For more of a ‘big picture’ view of the soundstage, it can be useful to make a few averages of these curves. Below we estimate the reflections off walls to the ‘Front,’ ‘Side,’ and ‘Rear’ of the speaker, as well as the Total Horizontal Reflections — an average of these three curves.

This is excellent performance. You can see the sidewall reflections are very close in shape to the direct sound, predicting good soundstage performance. The Horizontal ERDI curve in yellow represents how close the averaged horizontal reflections are to the listening window, and we see the smooth curve we’re looking for in order to achieve good spatial presentation.

Another way we can visualize the horizontal response is what we call a contour plot or polar map. It shows how the speaker’s sound changes as you move away from the reference axis on the horizontal plane:

This is nearly as good as it gets.

Turning to the vertical performance, we see one of the Meta’s greatest strengths relative to its competitors. Speakers with vertically separated woofers and tweeters — which is to say, the vast majority of them — almost always show major deviations in the sound on the vertical axis. While these do not affect the soundstage too much, they can have a significant effect on tonality.

Because the LS50 meta uses coaxial drivers, vertical performance is as good as the horizontal performance. If we look at the ceiling and floor reflections, for instance, they closely mimic the direct sound as well:

Most speakers start to look very uneven in these measurements. These ceiling and floor reflections often introduce a dip around a speaker’s crossover, where the woofer ‘hands off’ the sound to the tweeter.

We can also see how you don’t have to be too careful about placing the speakers below or above your ears:

The sound barely changes as you move 5,10, or 15 degrees above the speaker, ensuring the speaker will still sound good while standing up as well (as the speaker is vertically symmetrical, the response is identical below the speakers, too).

Lastly, we can see in the polar map that the LS50 Meta’s vertical response closely mirrors the horizontal response.

One benefit of this controlled vertical directivity is that the LS50 Meta is one of the few speakers that sounds pretty much the same if oriented horizontally.

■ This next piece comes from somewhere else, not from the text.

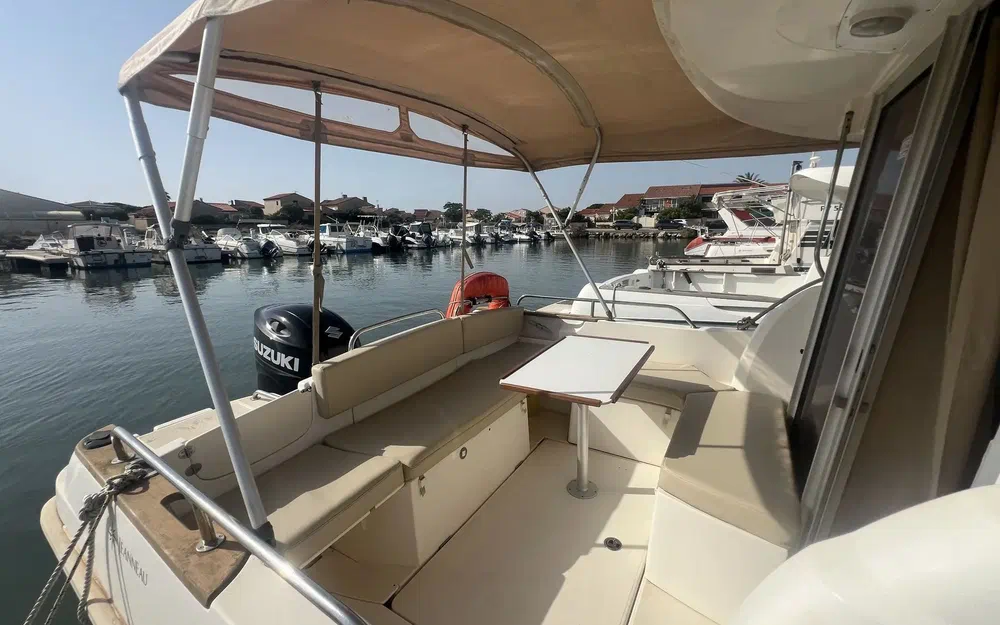 slider 5 Jeanneau Merry Fisher 725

That means you can lay the speaker on its side to use it as a center speaker for a home theater setup — or if it works better for your home’s aesthetics.

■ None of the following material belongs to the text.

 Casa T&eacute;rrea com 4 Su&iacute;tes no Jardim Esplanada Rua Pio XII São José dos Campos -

Each of these graphs shows remarkable technical performance, especially for a $1,500 passive speaker. If you really wanted to, you could EQ the dip around 2.5kHz for that extra ounce of neutrality, but again, I’m splitting hairs. The LS50 Meta is an exceptional piece of engineering.

Add a subwoofer or two to fill out the bass and free up the woofer, and the Metas could be endgame level speakers.

Living up to its reputation

The original LS50 are practically legendary, but I was never sure they really lived up to their hype. I have no such doubts about the LS50 Meta.

The tweaks to its sound may be subtle in the grand scheme of things, and owners of the original LS50 may not find them big enough to merit an upgrade. But at this level of performance, it is the small changes that can transform a good speaker into a truly great one.

For $1,500, I’m not sure there is another speaker in the category that can cleanly surpass the LS50 Meta; at best you will likely get “different,” not “better.” Especially if properly integrated with a subwoofer, the LS50 Meta does pretty much everything right.